The sell-off was sparked in part when Credit Suisse’s largest shareholder, Saudi National Bank, said publicly that it wouldn’t beef up its investment to help steady the embattled Swiss lender. Credit Suisse shares took a roughly 25% nosedive on Wednesday to hit a record low.

Shares in Citibank were down as much as 5%, while Goldman Sachs, JPMorgan and Wells Fargo were each down roughy 4% Wednesday. Bank of America’s stock was trading about 3% lower.

The Dow and S&P indexes were both down by more than 1.4% on Wednesday morning, with the tech-heavy Nasdaq trading at least 1% lower.

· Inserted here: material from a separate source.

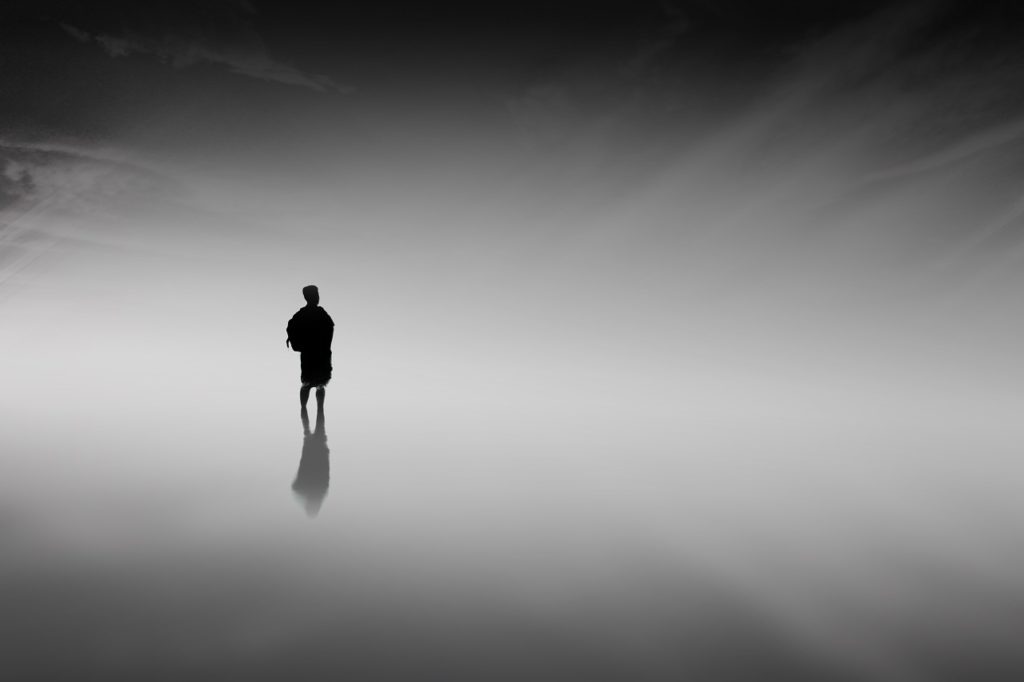 霧の中を一人で歩く男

Even the markets for assets typically considered safe, such as U.S. government bonds, are also down sharply.

The broad-based jitters in Europe and the U.S., which come days after American regulators took over and shut down two banks, have kicked up fresh worries about troubles in the global financial sector.

Some of that shakiness is to be expected, analysts say, since banking around the world is so interconnected and because investors eyeing instability in one part of the industry tend to scan the horizon for other threats — and to reflect those concerns in their stock trades.

“Credit Suisse is not just a Swiss problem but a global one,” Andrew Kenningham, chief Europe economist at Capital Economics research and consulting group, warned clients in a note Wednesday.

That is partly because Credit Suisse is so large — with $574 billion in assets, it is more than twice as big as Silicon Valley Bank — and partly because the Swiss lender has long been seen as the “weakest link among Europe’s large banks,” Kenningham wrote.